Using the static class Globals, I access the PowerPoint application. First, I check that the active presentation has a slide (Unlike Excel for instance, where a Workbook must contain at least a Worksheet, PowerPoint can have a Presentation with no slide), and then I navigate to the Slide that is currently active in the ActiveWindow.View. Note that View.Slide returns an object, so we need to explicitly cast it to a Slide.

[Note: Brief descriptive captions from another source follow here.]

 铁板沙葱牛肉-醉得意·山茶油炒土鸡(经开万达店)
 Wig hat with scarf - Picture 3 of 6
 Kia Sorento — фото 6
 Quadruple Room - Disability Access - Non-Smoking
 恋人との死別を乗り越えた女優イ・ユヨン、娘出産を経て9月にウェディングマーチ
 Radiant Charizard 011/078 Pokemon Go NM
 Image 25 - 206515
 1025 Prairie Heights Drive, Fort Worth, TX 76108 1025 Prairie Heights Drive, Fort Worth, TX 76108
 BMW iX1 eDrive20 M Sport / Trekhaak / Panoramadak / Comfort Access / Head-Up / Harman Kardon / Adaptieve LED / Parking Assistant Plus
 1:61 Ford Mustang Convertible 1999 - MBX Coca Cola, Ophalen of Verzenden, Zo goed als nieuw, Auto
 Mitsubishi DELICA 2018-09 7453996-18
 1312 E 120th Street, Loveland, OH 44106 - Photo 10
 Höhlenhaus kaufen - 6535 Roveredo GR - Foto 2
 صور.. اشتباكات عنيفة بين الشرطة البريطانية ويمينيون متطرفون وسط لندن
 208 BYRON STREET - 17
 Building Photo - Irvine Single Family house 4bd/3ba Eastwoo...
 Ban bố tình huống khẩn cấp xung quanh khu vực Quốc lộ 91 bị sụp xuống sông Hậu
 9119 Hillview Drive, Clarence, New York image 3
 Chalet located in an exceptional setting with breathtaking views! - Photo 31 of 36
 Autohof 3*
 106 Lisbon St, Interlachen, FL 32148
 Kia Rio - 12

Now that we have a Slide in our hands, we need to search for text in it. The visible items on a slide are Shapes. Let’s add the following code, and run it:

foreach (var item in slide.Shapes)
{
var shape = (PowerPoint.Shape)item;
MessageBox.Show(shape.Name);
}


Interestingly, if you run this on an empty, default slide, you will see names like “Title 1” and “Content Placeholder 2” pop up in the message box. Even the default placeholders are Shapes.

Out of all these Shapes, which could be anything, from a video to a geometric shape, we need to find the ones which contain text. To do this, we will use Shape.HasTextFrame, a property which indicates whether the Shape can contain text. Naively, I expected this property to be a boolean – but that would be too simple. It’s actually an enum, Microsoft.Office.Core.MsoTriState, which, fascinatingly, has 5 possible values: msoTrue, msoFalse (so far so good), msoCTrue, msoTriStateMixed, and msoTriStateToggle. I am still not quite clear what the three last ones are, but I’ll happily ignore that for now.

HasTextFrame means that the Shape could contain text, and not that it does. Let’s check whether the shape has text, and finally, after unwrapping all these layers, we can access the Text of the Shape, through its TextRange property:

if (shape.HasTextFrame == MsoTriState.msoTrue)
{
if (shape.TextFrame.HasText == MsoTriState.msoTrue)
{
var textRange = shape.TextFrame.TextRange;
var text = textRange.Text;
MessageBox.Show(text);
}
}


If you run the add-in on a Slide like this one, you should see that it successfully finds the 3 pieces of text, in the title, the content, and in the black square.

However, if you dig in a bit in the Text from the main content, you’ll see that the actual string looks something like this:

Level 1 Bullet 1\rLevel 2 Bullet 1\rLevel 2 Bullet 2\rLevel 1 Bullet 2

Besides our text, it also contains \r, the character for Carriage Return, which indicates the end of a paragraph. This means that if we want to preserve the layout of the slide, we’ll have to pay attention not to mess with the line breaks when manipulating the Text. In our next installment, we’ll look into that, and explore the TextRange property.